16.5.05

Naturalismo

En la última fila de la clase, en el pupitre de la ventana, se sienta una alumna inteligente que no sólo procede del campo sino que tiene espíritu rural. Regordeta, un punto colorada, el pelo rubio oscuro y largo, recogido en coleta, parece una de esas campesinas lozanas que el cine sitúa en comarcas centroeuropeas (o que se intuyen en los relatos de John Berger) y, sin duda, con un sombrero de paja o un pañuelo en la cabeza, podría ocupar un lugar pleno junto a esas presencias. Según dicen, ayuda a sus padres en las tareas agrícolas con vigor, sin que la aspereza de la labor la arredre y sin que la severidad de los trabajos disminuya su esfuerzo. «Como si fuera un muchacho», añaden quienes la conocen. En sus ojos esquivos, de brillo huidizo, se advierte un contagio original, la mezquindad huraña del aislamiento o la desconfianza primitiva de la tierra.
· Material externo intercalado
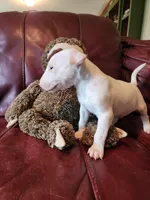 Athena, a female Bull Terrier for sale in North Lewisburg, OH – Photo 2 of 6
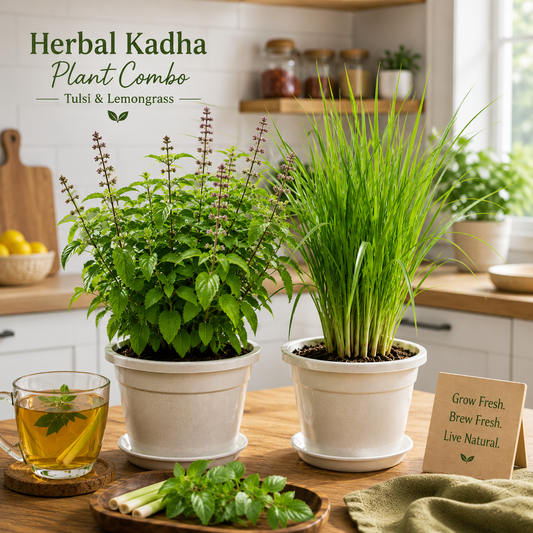 Herbal Kadha Plant Combo – Tulsi & Lemongrass Live Plants (Pack of 2)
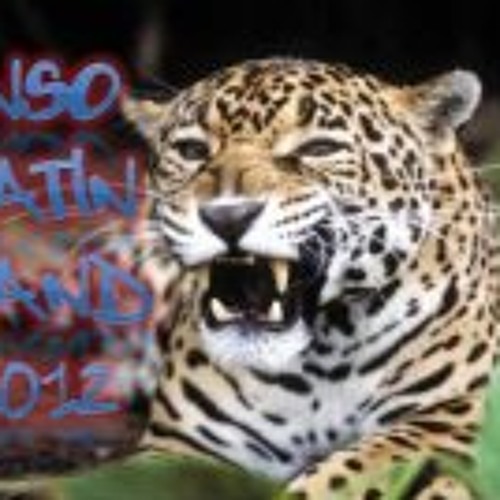 Stream Banda Inso music | Listen to songs, albums, playlists for free ...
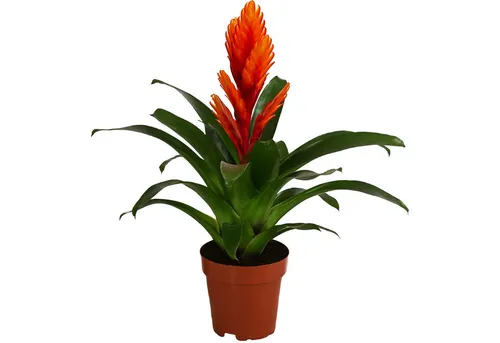 Dehner Vriesea Intenso Orange - Exotische Zimmerpflanze - Zimmerpflanze mit rosettenförmigem Wuchs und leuchtend orange Blüte, ideal für tropisches Flair in Ihrem Zuhause. Pflegeleicht, benötigt hellen Standort und hohe Luftfeuchtigkeit.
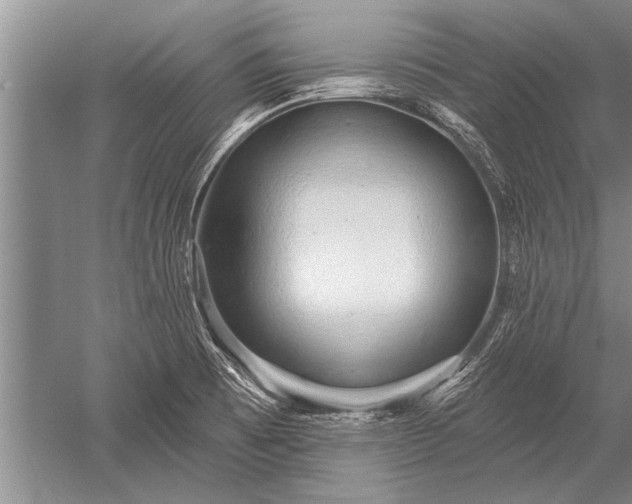 X0000052591473200507081741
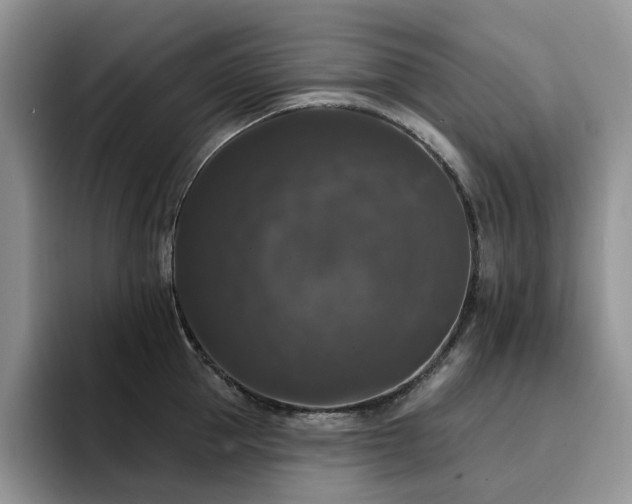 X0000094940953200711291350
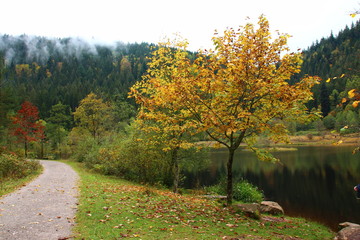 Naklejka premium Sankenbachsee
Como tiene los pies en el suelo, firmemente asentados en el surco, no le gusta la literatura en general ni la contemporánea en particular, que sólo entiende como extravagancia y floritura, exceso verbal y criptografía, devaneo lingüístico ajeno a la realidad y las personas. Sólo alguna vez ha leído libros que no vengan exigidos por los programas académicos, «novelas románticas o de amor», dice con las mejillas en vergüenza. Se niega a admitir paralelismo alguno entre la saturación del amor rosa de sus lecturas y los excesos suprarreales del lenguaje literario generado en las vanguardias, excedentes ambos, a la postre, de dos actitudes equivalentes: la exaltación del sentimiento y la conciencia estética de las palabras. Para ella, la ficción siempre encuentra asideros en nombres y figuras, mientras que las metáforas abruptas sobrepasan la percepción de todo referente. A la pregunta de qué va a estudiar cuando acabe el bachillerato sólo le cabe una respuesta. «Historia», dice, esto es, hechos reales, testimonios, evidencias, signos concretos de la realidad.